October 12, 2024

Opinion: Big Ears 2016 is an experiential feast

Alexis Kamolnick explores the grandeur of this past weekend’s seventh annual Big Ears Festival.

Downtown Knoxville’s seventh annual Big Ears Festival drew yet another potent cluster of world-class artists to our relatively unsung streets. The festival delivered every ounce of promised brilliance to niche patrons and pedestrians alike. Reputable independent art sponsor, AC Entertainment, organized this festival to “celebrate the the never-ending adventure of artistic creation and exploration,” showcasing indie talent that the majority of residents are unlikely to come across.

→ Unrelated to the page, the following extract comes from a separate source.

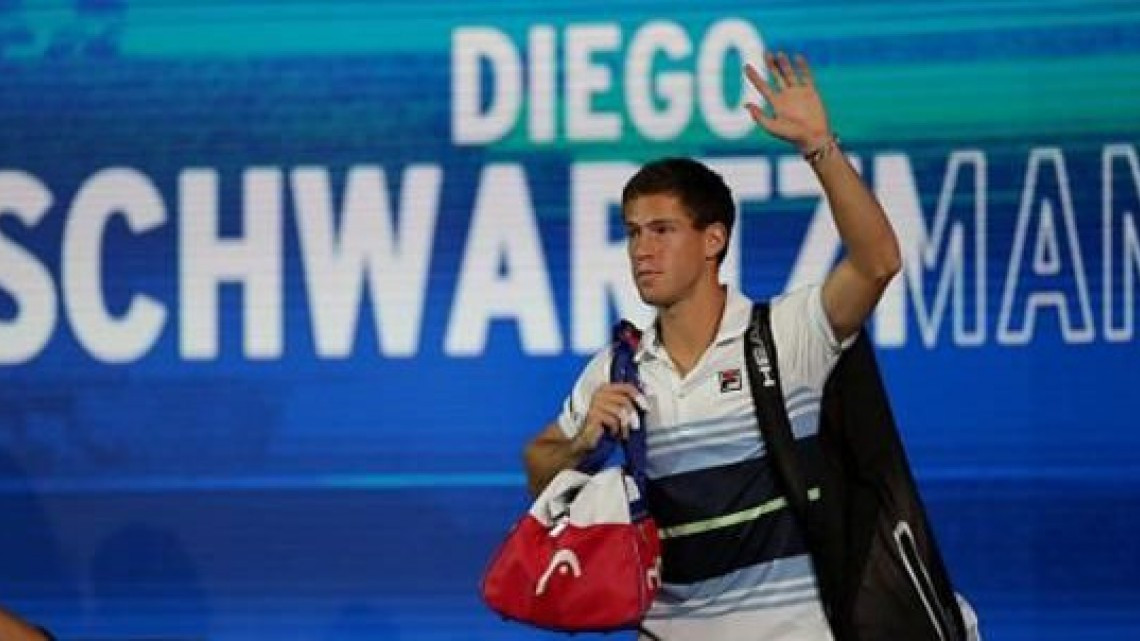 Rafa Nadal pasa a semifinales del US Open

This year’s eccentric collection proudly included Laurie Anderson, a strikingly avante-garde multimedia artist whose work has remained provocatively cutting edge for 50 years running. She was also the cherished wife and inspiration of the late Lou Reed. According to “Rolling Stone,” her collaboration with “minimalist master,” Philip Glass, was the “most notable” feature of the festival. It was also this particular show’s second performance on earth, and its first performance within the United States.

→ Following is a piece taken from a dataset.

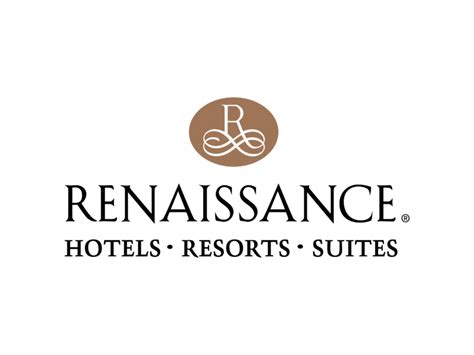 Renaissance Hotels Resorts Suites Logo PNG Transparent & SVG Vector ...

Envision the Tennessee Theatre’s guilded-age grandeur housing a hypnotized ocean of an audience, each awaiting Anderson’s poetic invitation to the solemn stroke of her bow, each hand clapping feverishly just as she lifts it. Meanwhile, to complement her gripping reflection, Glass’s buoyant piano and comical tone complete the performance by exposing the brighter hemisphere of human experience. With many sate souls shining from many wet eyes, the performance draws to its haunting close, and the audience rises to its feet.

This experience was merely one among many performances that inspired profound responses in the Big Ears 2016 audiences. At the very least, this festival is consistently a testament to the merit of witnessing and supporting rare talent that escapes mainstream press.

Our city is given this opportunity to amble listlessly into presentations that reward our artistic experimentation through film, gallery exhibition, live performance or artist/audience interaction.  As affirmed by the “Oxford American Magazine,” “It’s an obscure and prismatic music festival in an obscure and prismatic city, catching the light from all different angles.”

Next year, don’t be fooled by the discretion of Knoxville’s predominately indoor venues because precious experiences lurk beneath downtown’s scruffy husk.